An oft-repeated but unchecked story had it that when the iconic Vidhana Sudha (used often as a symbol for Bangalore) was being built, a file was put up about the purchase of fans for the building. The then Chief Secretary to the government is said to have made a note on the file: ‘Bangalore is no fan city’. 


The unnamed CS deserves to be immortalized for two things: for a most quoted quote called the garden city or the ‘air-conditioned city’. 


My old friend and  Social Forestry officer Mr.Neginhal, tasked by the then Chief Minister Mr. Gundu Rao in the 1980s with greening the city,  guarded all trees zealously and raised its green cover.


But before his recent death, the city lost the title of Garden City. What was once called the ‘AC city’ has become blisterIngly hot during su7mmer, having lost scores of trees with every road project and Metro line.

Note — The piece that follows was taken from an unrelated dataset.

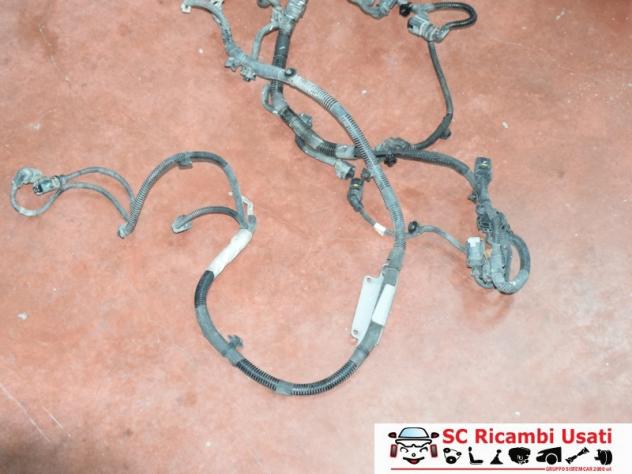 Cablaggio Impianto Motore Peugeot 208 1.4 Hdi 9808501580 - 30191 - Foto 4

There is, however one distinct peculiarity it retains: However scorching the summer might be, as soon as you get into the shade of a tree you feel it is like an AC room. The famous gazal of Jagjeet Singh echoes in your ears : zindagee  dhoop aur tu ghana  chayaa   (life is hot sun and you are dense shade).One is thankful for the trees still not axed down. 

 
Every town or city in India has a distinct feature the very name reminds you of. If you have been there you recall the quiet, Civil Lines near the Allahabad University in Prayag, the scores of people with guns near Banda district court, busy Hazratganj in Lucknow, the shaking hotel room in Kanpur as heavy traffic robs you of sleep all night or the narrow dirty lanes of Kashi,  You get a mental picture of heaps of oranges in Nagpur with a mile-long line of bullock carts going by themselves from Amraoti to Akola as the farmers sleep, the Bhopal gardens, one with only rose plants, and third with only bougainvillea or only marigold in a third. 

Chandigarh will bring to your mind the Shimla lights glittering beyond its lake. In the case of Bombay, it may be many thousand rushing into a local train even as thousands more struggle to alight, the morning fog in Deli or the Howrah bridge in Kolkata. It can go on and on. 
But say Bangalore and it is hot water. Almost all including the slum dweller have a hot water bath in the morning though it is not very cold.No hot water for some reason or the other means “Bangalore  in hot  waters.”